Imaging data were acquired on a 3-T MRI scanner (Siemens, Erlangen, Germany) using a 32-channel head coil. Participants were instructed to keep their head stable. Cushions inside the head coil and earplugs were used to minimize head motion and machine noise, respectively. A total of 203 functional images were collected per individual using a T2 single-shot echo-planar imaging (EPI) sequence: repetition time (TR) = 1000 ms, echo time (TE) = 38 ms, flip angle (FA) = 58°, no interslice gap, and field of view (FOV) = 210 × 210 mm. A high-resolution structural T1 image was acquired using a 3D magnetization prepared gradient rapid acquisition gradient echo (MPRAGE) sequence (TR = 2000 ms, TE = 1.97 ms, FOV = 256 × 256 mm, voxel size 1 × 1 × 1 mm).

fMRI data pre-processing was carried out using FEAT (FMRI Expert Analysis Tool) Version 6.0.6, part of FSL (FMRIB’s Software Library, www.fmrib.ox.ac.uk/fsl, accessed on 1 February 2024). The registration of high resolution structural and/or standard space images was carried out using FLIRT [34]. The pre-statistics processing steps included motion correction using MCFLIRT [34], non-brain removal using BET [35], and spatial smoothing with a Gaussian kernel of FWHM 6 mm. Additionally, the 4D dataset underwent grand-mean intensity normalization using a single multiplicative factor, followed by high pass temporal filtering (Gaussian-weighted least-squares straight line fitting, with σ = 50.0 s).

2.5. Statistical Analysis

The mean scores for intensity, pleasantness, edibility, and drinkability of the odors were compared using one-way ANOVA. For the imaging dataset, in first-level analysis, contrasts were estimated for “task condition” versus “baseline” for each trial condition (sweet and sour odors).

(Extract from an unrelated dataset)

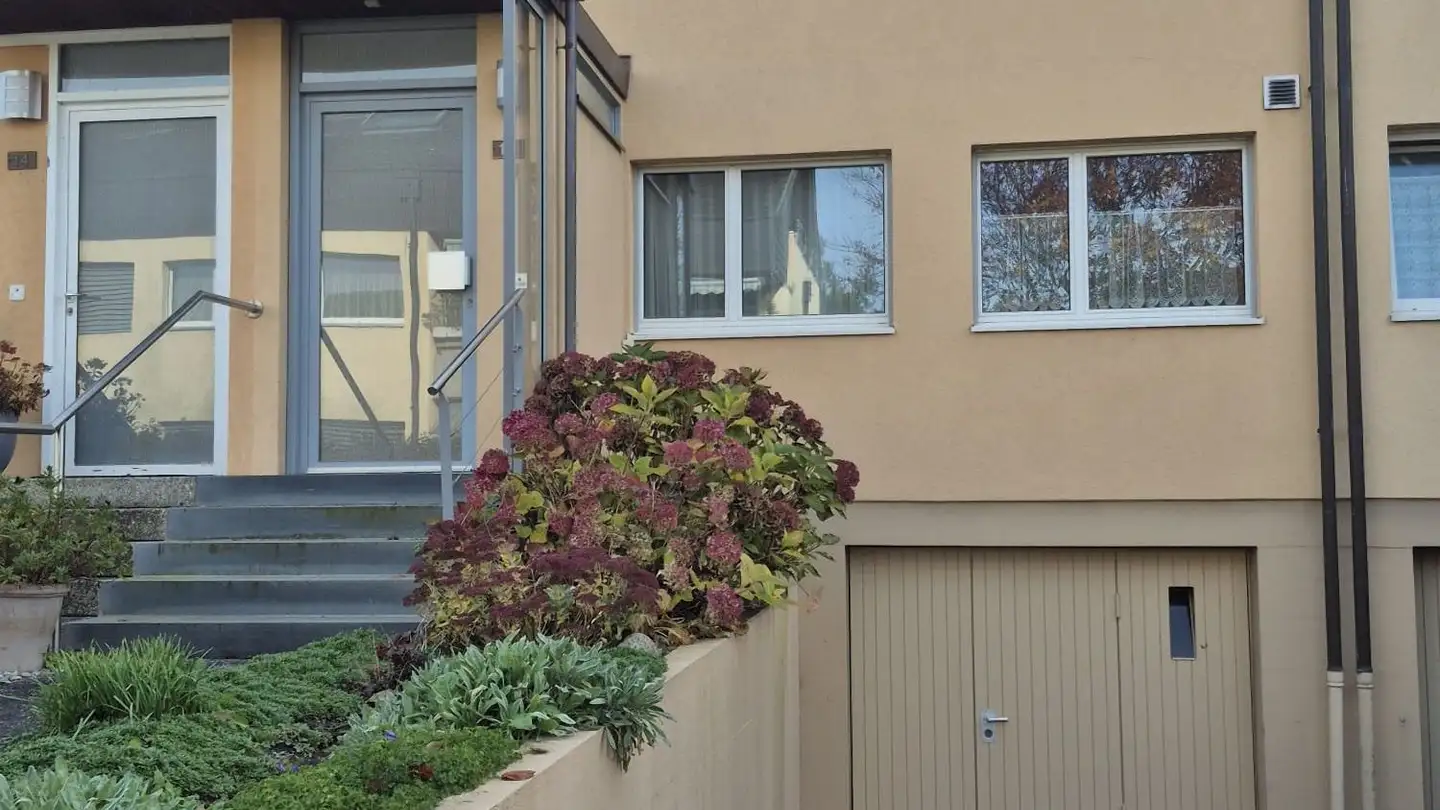 Row house for rent - 4147 Aesch BL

Briefly, from the 10 ON and OFF blocks used for analysis, we compared ON phases for presented stimuli and checked for groupwise contrasts with one-way ANOVA. These estimates were then tested in second-level analysis using one-sample t-test to identify whole-brain activation in response to all food odors, and to sweet and sour odors, separately. A statistical threshold of p < 0.05 and a minimum cluster size of k > 30 voxels was applied. For clusters having multiple peaks, the one with the highest t-value was chosen. Secondly, regions of interest (ROI) analysis was performed for primary gustatory areas (insula [INS] and frontal operculum [FO]), primary olfactory cortex (entorhinal cortex [EnC], amygdala [AMG] and piriform cortex [PC]), and secondary gustatory cortex (OFC, Thalamus [THA] and hippocampus [HIP]). ROI were selected based on the prior literature on neural correlates of olfaction and were defined using the FSL Harvard–Oxford Atlas, accessed thought the software FSLeyes (version 0.34.2). Additionally, VTA (0, −16, −7, 3 mm radius) and Entorhinal Cortex (EnC, ±24, 2, −18, 3 mm radius) were also added according to previous studies [36,37]. Each ROI was analyzed separately for the left and right hemisphere. ROI significant at p corrected < 0.001 are reported. MNI coordinates are reported as x, y and z, with L indicating the left hemisphere and R indicating the right hemisphere.

3. Results

3.1. Psychophysical Responses

Subjects predominantly associated a sweet taste with caramel and marshmallow odors (83% and 72%, respectively), and they were combined as sweet odors for the following analysis. Grapefruit and quinine were frequently associated with sour taste (55% and 49%, respectively) and were grouped as sour odors. Taste selection frequencies are reported in Figure 1. One-way ANOVA did not reveal significant differences in pleasantness, intensity, or edibility ratings between odors (p = 0.05), while sour odors were rated higher in drinkability than sweet odors (F = 7.02, p = 0.01).

3.2. Brain Responses to Food Odors

3.2.1. Whole Brain

One sample t-test was performed to look at the mean activation for the combined food odors (sweet and sour) compared to the baseline. The contrast chosen was odor (ON) > odorless air (OFF). The food odors showed significant increases in BOLD signal compared to the baseline for primary and secondary gustatory areas. The activations are shown in Figure 2.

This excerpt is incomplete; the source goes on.